TOKYO -- Nippon Telegraph & Telephone will turn listed wireless carrier NTT Docomo into a wholly owned subsidiary via a tender offer expected to be worth around $38 billion, the largest ever for a Japanese company, Nikkei has learned.
The telecommunications group will seek to purchase the roughly 34% of outstanding Docomo stock held by other shareholders and will delist the carrier once the transaction is complete.
Adding the typical 30% premium for a tender offer to the current share price puts the value of the deal at over 4 trillion yen ($37.9 billion). The bid will be announced soon.
In a stock exchange filing on Tuesday morning, Docomo said it will discuss the matter during a board meeting later in the day.
The move will enable Docomo to more easily respond to pressure to cut wireless service prices. New Prime Minister Yoshihide Suga has said Japan's mobile rates can be reduced by around 40% and considers the issue a policy priority.
NTT also looks to speed up decision-making for more effective cooperation with other group companies, enabling more efficient investment in fifth-generation wireless and Internet of Things technology and freeing up resources for rate cuts.
While lower wireless rates will mean a temporary hit to Docomo's earnings, having NTT as the sole shareholder will mitigate the negative impact on the company.
The deal also helps consolidate the group's strengths and assets in order to pave the way for a greater push overseas. Docomo has long been the driver of the group's earnings.

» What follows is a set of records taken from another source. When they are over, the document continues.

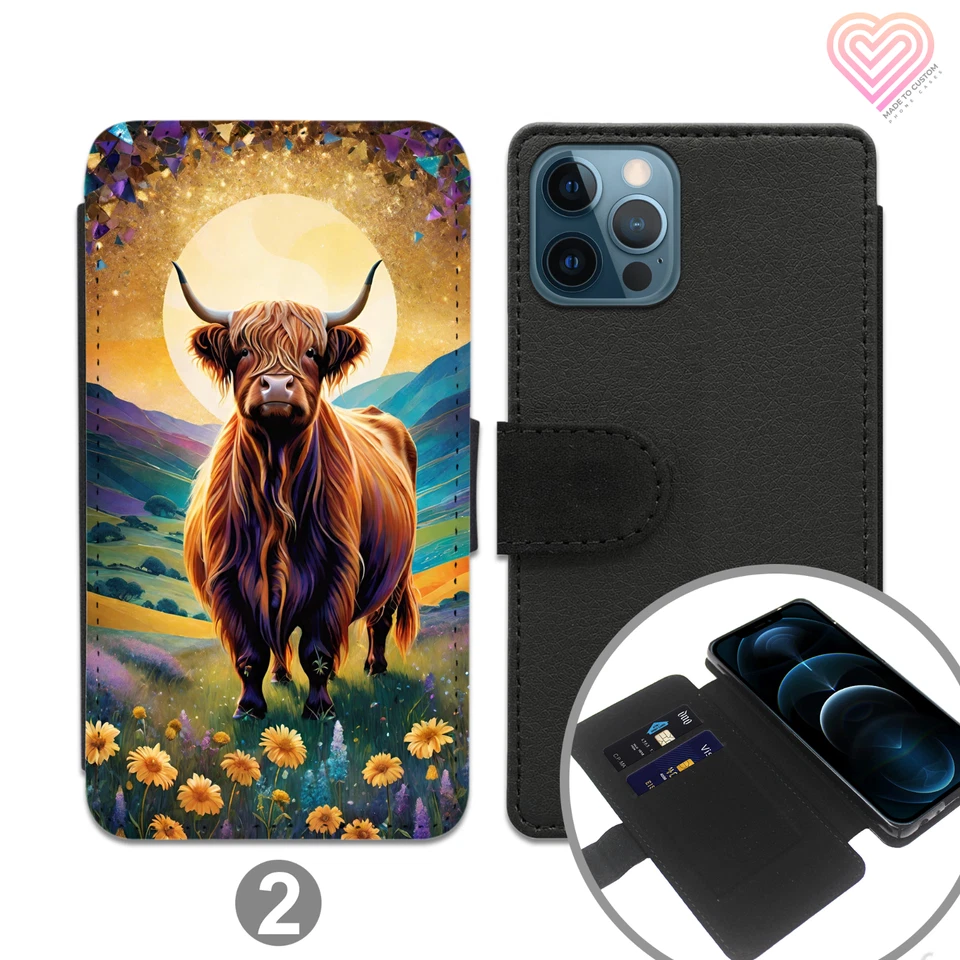 Highland Cow Phone Case Wallet Leather Flip Cover For Apple iPhone Samsung 755 - Image 3 of 4
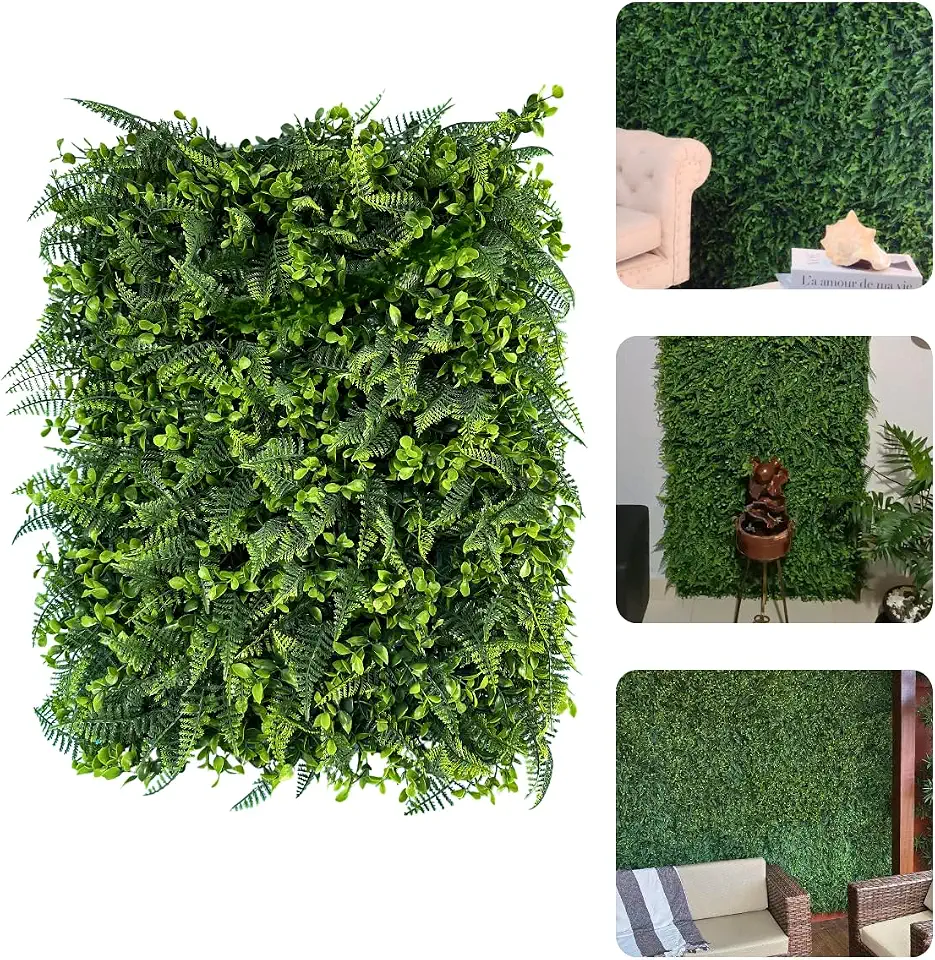 Placa de Mini Samambaia Eucalipto 40x60cm, Jardim Vertical Artificial, Parede Verde, Muro Inglês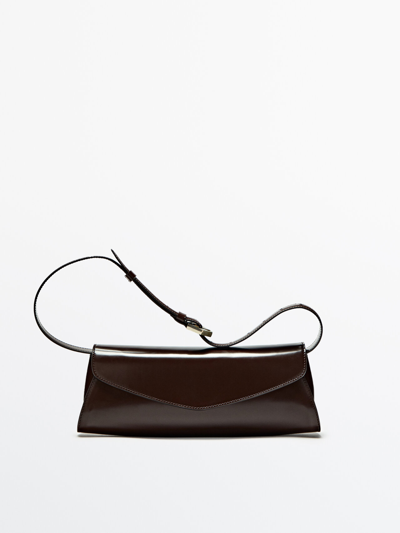 Shop Massimo Dutti Leather Bag With Detachable Strap In Brown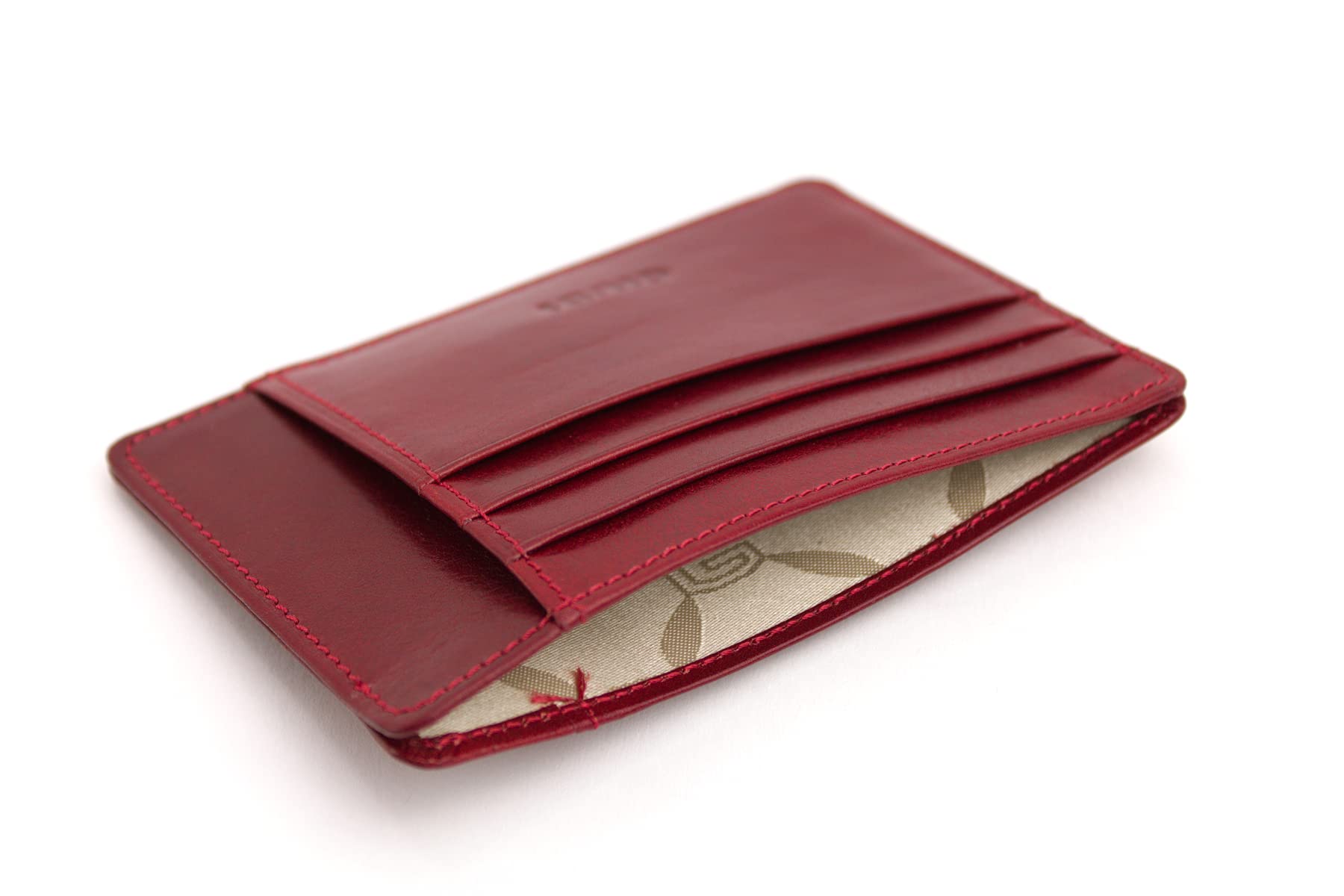 Giudi Slim Mini Leather Card Holder Wallet for Women & Men - RFID Blocking, Compact & Lightweight (Red) - Perfect for Travel, Business & Everyday Use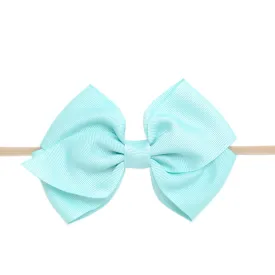 Ella Grosgrain Bow Nylon Headband - Aqua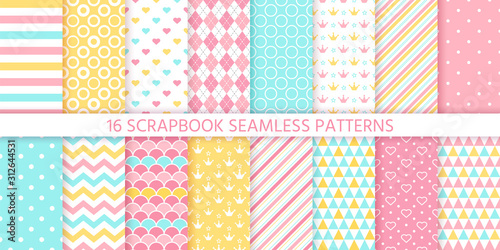 Scrapbook seamless pattern. Vector. Cute birthday prints. Set textures with polka dot, stripe, zigzag, heart, crown, fish scale. Pastel illustration. Retro background. Geometric trendy color backdrop.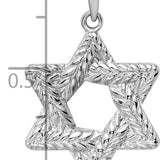 14k White Gold Polished and Textured Solid Star of David Pendant
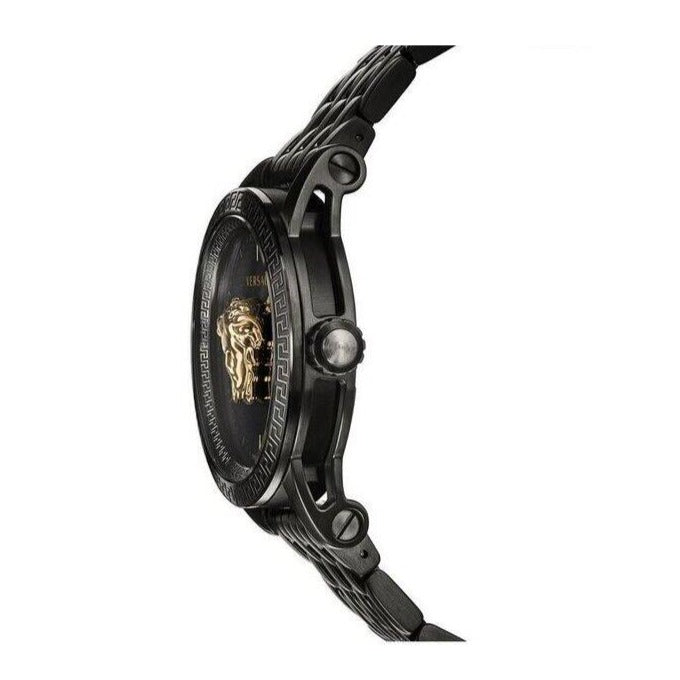  Shop Authentic Versace Palazzo Empire Quartz Black Dial Black Steel Strap Watch For Men - VEDB00518 - Luxxuri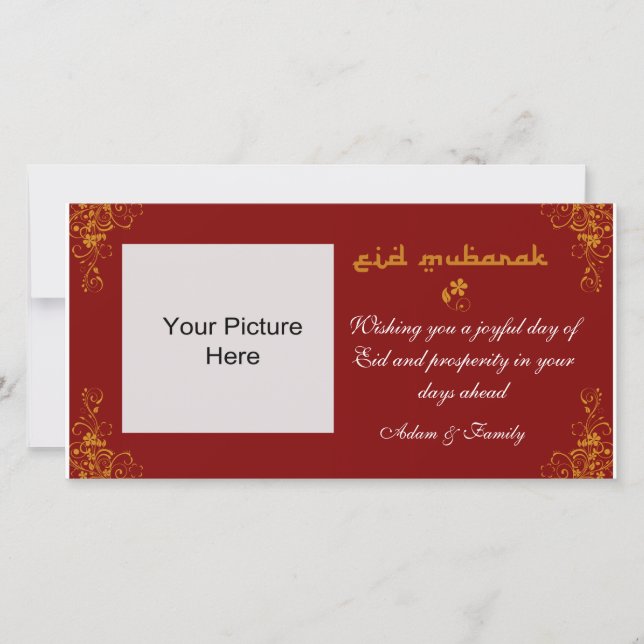Cartão De Festividades Eid Mubarak Burgundy Orange Swirl Photo Card (Frente)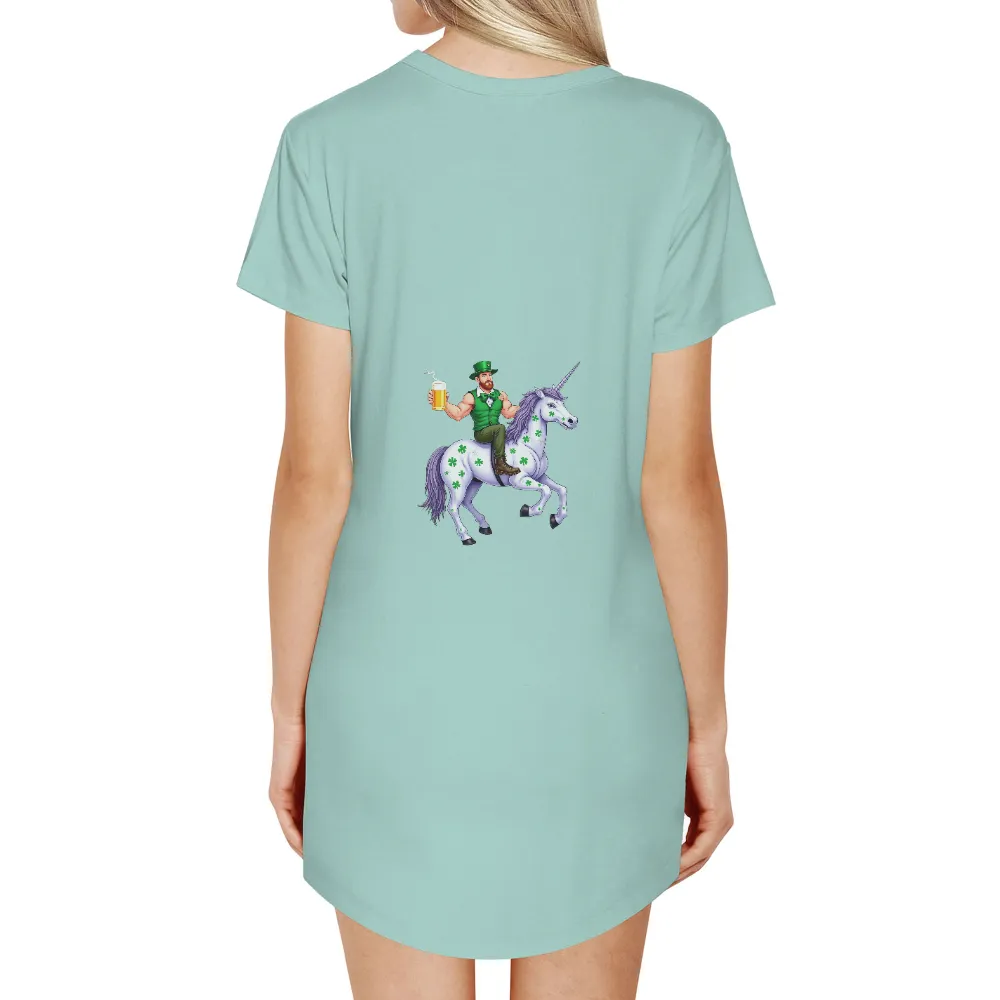 Tee Shirts Printed: Celebrate St. Patrick's Day with Unicorn Magic|muscular man in traditional Irish attire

But Japan's wireless market has plateaued, and how the company plans to keep growing remained unclear.
"Docomo is too focused on what's happening internally," an NTT executive said. There had been concern that the unit placed too much weight on its own goals over those of the group as a whole.
By bringing Docomo back into the fold, NTT hopes to generate greater synergies within the group and reallocate resources so that it can better compete with overseas rivals in such areas as 5G and the IoT.
"There has been little appetite for change within Docomo, causing the unit to lag behind our groupwide strategy," an NTT executive said.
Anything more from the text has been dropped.